As the CIA and the media play a game of “where’s Edward Snowden“, the phone hacking scandal, this whole CIA/MI6 “Prism” business and the Tories try to push through yet another attack on people’s privacy we have another round of allegations regarding the misuse of the authorities powers of surveillance. Last night’s Dispatches on Channel 4 described a policy of systematic police surveillance that would put many totalitarian regimes to shame.
Now the police would have us believe that they only use undercover officers or the powers granted to them by various anti-drug or anti-terrorism legislation in the most extreme of circumstances. But we now have allegations that the police tried to use undercover operations to cover up the Steven Lawrence affair. This is, to say the least shocking. Bad enough that they screwed up the investigation through institutional racism, but they then attempted to setup and entrap his family and friends whose only crime was to stand up for their dead son’s rights.
For years members of lefty groups, be they anti-racism, animal rights, climate activists or anti-capitalists have complained about how they were being victimised and spied on by the police. Or that the bulk of trouble orchestrated at demo’s was by agent provocateurs from the security forces. Now we have evidence to suggest that this isn’t just idle paranoia. It turns out that numerous undercover officers had indeed infiltrated many left wing groups. Many had sexual relationships with activists despite in some cases being married (this is what the rest of us call “adultery“….or state sanctioned rape!), even fathering children. It would seem that one of the original authors of the infamous London Greenpeace “Mc Libel” pamphlet was in fact an undercover officer.
And of course all of this comes on the back of the allegations previously aired surrounding Mark Kennedy. The whole reason why that trial of activists collapsed was because it became clear that the protesters were originally planning to cancel the direction action (or at the very least sleep on it) but were talked into staying by him and other under cover officers.
If this happened in any other country we’d call it political suppression and abuse of power. Is it any wonder we see the irony of Edward Snowden hoping from China to Russia, two countries hardly known for their commitments to human rights.
And of course there is a further issue of miss-allocation of resources. I mean those undercover officers, rather than wasting their time on a bunch of fluffy tree huggers, could have been doing something useful. Such as going after drug dealers or terrorists or how about infiltrating a few banks and getting people on the inside, so next time there’s a financial scandal we can put these guys away for a good long stretch. Indeed, speaking of terrorists, the (alleged) Woolwich murders were known to the police, but they hadn’t arrested them because they were trying to recruit them as spies!

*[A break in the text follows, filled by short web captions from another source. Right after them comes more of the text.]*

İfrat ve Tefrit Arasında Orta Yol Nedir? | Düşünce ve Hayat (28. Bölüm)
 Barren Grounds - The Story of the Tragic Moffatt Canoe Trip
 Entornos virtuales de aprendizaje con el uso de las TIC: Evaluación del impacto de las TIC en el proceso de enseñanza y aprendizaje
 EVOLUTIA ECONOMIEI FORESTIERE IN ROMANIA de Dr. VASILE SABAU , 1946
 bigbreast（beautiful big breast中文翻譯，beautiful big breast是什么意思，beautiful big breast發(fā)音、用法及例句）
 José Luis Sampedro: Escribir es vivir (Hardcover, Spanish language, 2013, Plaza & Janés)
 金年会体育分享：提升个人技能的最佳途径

Quite clearly the security forces have massively abused the powers granted to them. Indeed I would argue that giving such powers to the security services has proved entirely counter productive as it means there more worried about using them to cover spare themselves embarrassment than actually protecting the country from genuine threats. Therefore I would argue for a rolling back of many of these powers in response. I mean if we in the universities were granted a pile of money we could spend in private and it turned out we were using them to undertake “research” into beer and drugs, I think we’d have the cash taken off us pretty quickly and quite a few of us done for fraud.
It is true that there are people out there whom the state wishes to keep an eye on, but procedures need to be in place to prevent abuse of powers. Like the guards in a Stanford prison experiment the security services need to know that they will be held to account for any abuse of powers.
A simple solution would be to extend the rights of Freedom of Information to include police or MI5 & MI6 surveillance operations. In short if the cops spy on us they can only do so with a court order and they only get to watch for a certain period of time (say no more than 2 months) before that surveillance comes under review by another judge. If its clear that those being spied on are not a serious threat (i.e. one that warrants the use of under cover officers or wire taps that could be better deployed elsewhere) or that there’s no progress towards an arrest, they have to stop. Furthermore after a period of, say 5-10 years, they have to disclose that fact that they spied on people and thus giving the public and the courts the opportunity to determine if they overstepped the mark.
If the officers described in the examples above knew there was a very real risk of their actions being made public, potentially leading to public ridicule, dismissal from the force, arrest and imprisonment, I suspect said abuses of power would never have a occurred and never will occur. Its only fair that if the police or spooks want to watch us that we get to watch them back in return.